A Step-By-Step Guide to Leaving a Meaningful Comment
With millions of new blog posts being written every day, maybe one of the best ways to truly stand out is to learn how to write powerful comments that do more than just respond but actively engage with content instead.
Even if you’re a blogger too, you can and will benefit from writing amazing responses to all the work that’s out there.
But more than this, and this is really important, we’re all part of a bigger community. How we respond to one another is one of the more powerful ways we can build that community up. Not all competition has to be ruthless, we can be cooperative in our competition too.
So, if you want to learn how to write comments that stand out from the crowd stick around because that’s today’s topic. Ready for it? Let’s dive in.
Step 1. Read the post you’re responding to
It might seem painfully obvious, but the first thing you have to do is read the post you’re responding to. What isn’t so obvious is how you should read it.
You want to read in such a way that is intentional, that breaks the piece down and helps you connect with the purpose behind its existence. What do you think the message is? Why do you think the writer wanted to share this piece?
Read with intention, everything else follows this. So, slow down, take it in, give it the time and energy it deserves.
This also means you should give yourself plenty of time to do the actual reading. You don’t want to put yourself in a position where you feel rushed, or pressured by other things going on. So, cut out the distractions, give yourself plenty of time, and then start reading. Give the work your attention and energy.

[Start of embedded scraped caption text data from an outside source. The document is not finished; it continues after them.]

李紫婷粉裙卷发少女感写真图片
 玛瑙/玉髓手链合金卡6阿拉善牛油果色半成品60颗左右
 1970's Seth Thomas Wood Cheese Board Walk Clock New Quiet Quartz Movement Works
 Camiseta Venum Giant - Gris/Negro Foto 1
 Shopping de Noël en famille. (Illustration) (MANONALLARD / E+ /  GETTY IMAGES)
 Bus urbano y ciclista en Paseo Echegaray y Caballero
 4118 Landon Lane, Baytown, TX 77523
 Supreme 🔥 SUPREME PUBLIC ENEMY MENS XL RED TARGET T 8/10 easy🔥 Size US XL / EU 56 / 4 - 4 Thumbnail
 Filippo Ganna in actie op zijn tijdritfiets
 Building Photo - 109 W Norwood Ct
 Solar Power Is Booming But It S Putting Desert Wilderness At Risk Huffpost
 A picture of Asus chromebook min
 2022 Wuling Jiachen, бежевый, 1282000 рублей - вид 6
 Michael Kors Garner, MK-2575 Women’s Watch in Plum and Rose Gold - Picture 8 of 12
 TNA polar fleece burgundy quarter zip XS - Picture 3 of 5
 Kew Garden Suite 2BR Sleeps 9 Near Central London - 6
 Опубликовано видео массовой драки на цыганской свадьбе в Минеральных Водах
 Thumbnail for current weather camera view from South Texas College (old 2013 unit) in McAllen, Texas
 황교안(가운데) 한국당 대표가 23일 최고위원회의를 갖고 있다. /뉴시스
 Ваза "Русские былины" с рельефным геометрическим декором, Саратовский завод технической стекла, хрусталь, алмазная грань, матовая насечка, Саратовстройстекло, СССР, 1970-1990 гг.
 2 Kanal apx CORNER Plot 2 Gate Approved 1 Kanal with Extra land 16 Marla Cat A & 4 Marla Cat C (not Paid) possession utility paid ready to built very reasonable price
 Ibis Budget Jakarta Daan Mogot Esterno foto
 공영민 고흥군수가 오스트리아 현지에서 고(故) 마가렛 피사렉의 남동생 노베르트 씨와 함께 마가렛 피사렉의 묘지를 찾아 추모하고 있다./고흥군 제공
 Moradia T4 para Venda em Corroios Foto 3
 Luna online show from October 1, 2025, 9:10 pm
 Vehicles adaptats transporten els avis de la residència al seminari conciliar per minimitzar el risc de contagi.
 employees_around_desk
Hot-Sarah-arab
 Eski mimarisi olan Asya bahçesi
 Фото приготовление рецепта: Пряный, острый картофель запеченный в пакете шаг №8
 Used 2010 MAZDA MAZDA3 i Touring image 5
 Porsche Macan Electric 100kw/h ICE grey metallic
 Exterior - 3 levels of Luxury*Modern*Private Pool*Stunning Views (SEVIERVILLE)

Step 2. Engage with the piece as you’re reading
Next up, you want to really engage with the piece. This might mean different things for you than it does me, but I like to highlight things if the platform I’m on allows me to. If not, I’ll pull the article to somewhere that I can (simple copy and paste to a google doc, or a note-taking app, can work).
If it’s a big piece, take notes. But typically you won’t need to do this for everything you read. Just pay attention to the parts you find yourself agreeing with, or not agreeing with. You’ll want to come back to these because this is where the piece had an effect and where you’re most likely to be able to connect with the writer.
Step 3. Don’t just read, seek to understand
Your main goal with all this is to try and connect with the writer, their message, and why they’re writing this. First, seek to understand, and then you respond.
This is closely connected to how you read and how you engage with the text. Make note of the places the blog post speaks to you, where it doesn’t. Pay attention to what holds your attention, and where you nod off.
This doesn’t mean you’ll respond to every one of these situations, but knowing about them, and understanding at a deeper level will help you respond from a much richer place. Your comment won’t be easily overlooked if it’s written from a place of depth and purpose.
Step 4. Respond
Now we get to the real meat and taters of the whole thing. It’s all about the response, right?
Just like every other part of the process, you want to slow down, take a breath, and don’t rush. It might help to think of a good comment as a mini-blog post that builds on what you’re responding to.
Remember all those places you took note of? Maybe even jotted down some actual notes about? We’re going to use all of that to help write the response.
So, first thing’s first, who are you writing to? What’s their name? Triple check to make sure you spell it right. But open your piece with their name.
Why do you want to do this when the system clearly shows who you’re responding to? Because it’s personal, and people respond to their names. It shows that you took the time to notice, to care, and to show it.
Now, a little praise is just fine, but you want to write more than praise alone. You want to tell them why you liked the piece, and more, what about it resonated and how. Going beyond simple praise will give the comment more weight and will automatically make it stand out from other comments that are maybe a few words at best, and hyper-focused on praise and praise alone.
What you’re after is more than just a compliment, you want to show the writer that their work resonated and you found meaning in it. Praise is good, connections are better
Also, it’s OK to disagree with a point in the text. It should go without saying that you want to be respectful, and let empathy drive the comment. This is where highlighting the good stuff first comes in really helpful. Here, especially, you want to make sure to add in a genuine compliment but strike a balance. You don’t want to gush praise and then write a disagreement. One or the other will feel like a lie.
Comments are simple, short, easy once you get their rhythm down. Just think of them as a mini-blog post, or better, a very short letter written to the writer of the piece and focus on why and how it connected with you.
Step 5. Take it to the next level
Now, to really take your engagement to the next level, read more by the author. Maybe not all at once. Actually, it’s better to come back regularly than just taking a deep dive.
If you really resonated with the work, share it and show it. Use some of the ideas from your comments to help you write a quick blurb to introduce the blog post to your followers on various social media platforms.
Remember, reading and writing are how we support one another. Just in different ways. It all comes back to the community we share, and active, and committed engagement is one of the best ways we have to build that community up.
That’s it. Nothing too hard, right? And yet, when you start to actively engage with the work of other writers, you start to plug into something truly powerful and rewarding.
You go from an isolated blogger, hoping people might see and even respond to your work, to a blogger that’s plugged into the community and paying it forward. Your work becomes more than what you produce alone, but also what you produce in the community as well.
Now you’re fully equipped to get out there and start engaging with other writers. Happy commenting!